Light emitting device package {LIGHT EMITTING DEVICE PACKAGE}

The present disclosure relates to a light emitting device package.

Light emitting diodes (LEDs) are a type of semiconductor device that converts electrical energy into light. The light emitting diode has advantages of low power consumption, semi-permanent life, fast response speed, safety and environmental friendliness compared to conventional light sources such as fluorescent and incandescent lamps.

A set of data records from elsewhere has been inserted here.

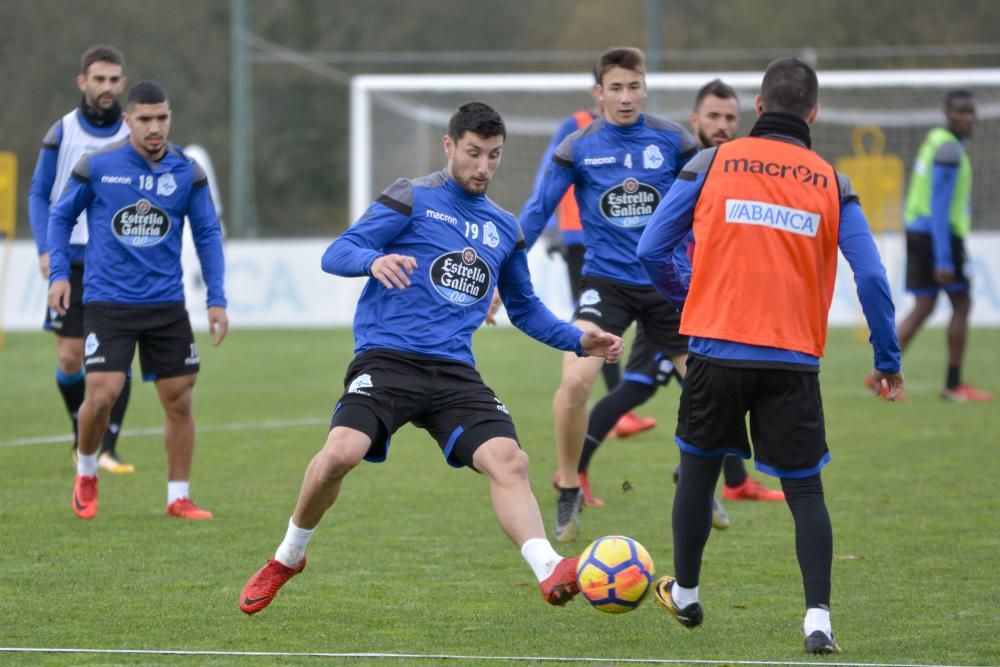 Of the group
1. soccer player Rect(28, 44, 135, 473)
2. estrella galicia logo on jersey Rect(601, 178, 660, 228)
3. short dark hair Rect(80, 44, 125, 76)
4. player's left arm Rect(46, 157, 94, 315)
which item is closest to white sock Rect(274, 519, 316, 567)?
player's left arm Rect(46, 157, 94, 315)

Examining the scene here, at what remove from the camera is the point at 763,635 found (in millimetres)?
5516

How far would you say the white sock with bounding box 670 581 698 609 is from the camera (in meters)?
5.45

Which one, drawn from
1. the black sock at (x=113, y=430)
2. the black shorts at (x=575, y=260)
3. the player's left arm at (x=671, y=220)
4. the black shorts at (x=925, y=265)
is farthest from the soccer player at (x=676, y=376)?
the black shorts at (x=925, y=265)

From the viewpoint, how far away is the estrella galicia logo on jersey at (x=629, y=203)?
25.2 feet

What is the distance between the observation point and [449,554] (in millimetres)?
7059

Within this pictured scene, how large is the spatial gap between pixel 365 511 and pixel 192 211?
184 centimetres

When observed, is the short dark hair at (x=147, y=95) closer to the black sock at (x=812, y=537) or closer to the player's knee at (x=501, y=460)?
the player's knee at (x=501, y=460)

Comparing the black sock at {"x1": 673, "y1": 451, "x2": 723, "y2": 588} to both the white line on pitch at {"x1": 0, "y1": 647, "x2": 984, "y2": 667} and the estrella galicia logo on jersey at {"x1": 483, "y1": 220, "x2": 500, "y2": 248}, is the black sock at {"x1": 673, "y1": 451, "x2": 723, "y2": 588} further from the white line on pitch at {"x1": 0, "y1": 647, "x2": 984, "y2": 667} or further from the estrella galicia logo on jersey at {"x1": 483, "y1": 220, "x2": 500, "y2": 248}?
the estrella galicia logo on jersey at {"x1": 483, "y1": 220, "x2": 500, "y2": 248}

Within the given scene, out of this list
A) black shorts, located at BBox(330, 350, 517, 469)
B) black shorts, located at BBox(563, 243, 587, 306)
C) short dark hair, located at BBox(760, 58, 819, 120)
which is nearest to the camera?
short dark hair, located at BBox(760, 58, 819, 120)

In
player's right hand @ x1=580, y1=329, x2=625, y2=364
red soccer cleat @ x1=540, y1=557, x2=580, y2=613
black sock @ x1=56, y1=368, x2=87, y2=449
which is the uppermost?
player's right hand @ x1=580, y1=329, x2=625, y2=364

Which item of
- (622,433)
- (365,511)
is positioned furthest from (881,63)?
(365,511)

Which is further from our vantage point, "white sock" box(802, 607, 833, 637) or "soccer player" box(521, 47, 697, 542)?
"soccer player" box(521, 47, 697, 542)

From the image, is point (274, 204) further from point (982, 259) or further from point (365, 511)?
point (365, 511)

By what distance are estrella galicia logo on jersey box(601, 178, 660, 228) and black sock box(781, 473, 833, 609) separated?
261 centimetres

Accordingly, many researches have been conducted to replace the existing light source with light emitting diodes, and the use of light emitting diodes as a light source for lighting devices such as various lamps, liquid crystal displays, electronic signs, and street lamps that are used indoors and outdoors is increasing. to be.

The embodiment provides a light emitting device package capable of reducing chromatic aberration.

The light emitting device package according to the embodiment includes a body having a cavity; A light emitting element located in the cavity; And a lens positioned on the body, the lens including a first portion having a positive curvature and a second portion having a negative curvature. The first portion corresponds to the central portion of the lens, and the second portion is formed adjacent to the body.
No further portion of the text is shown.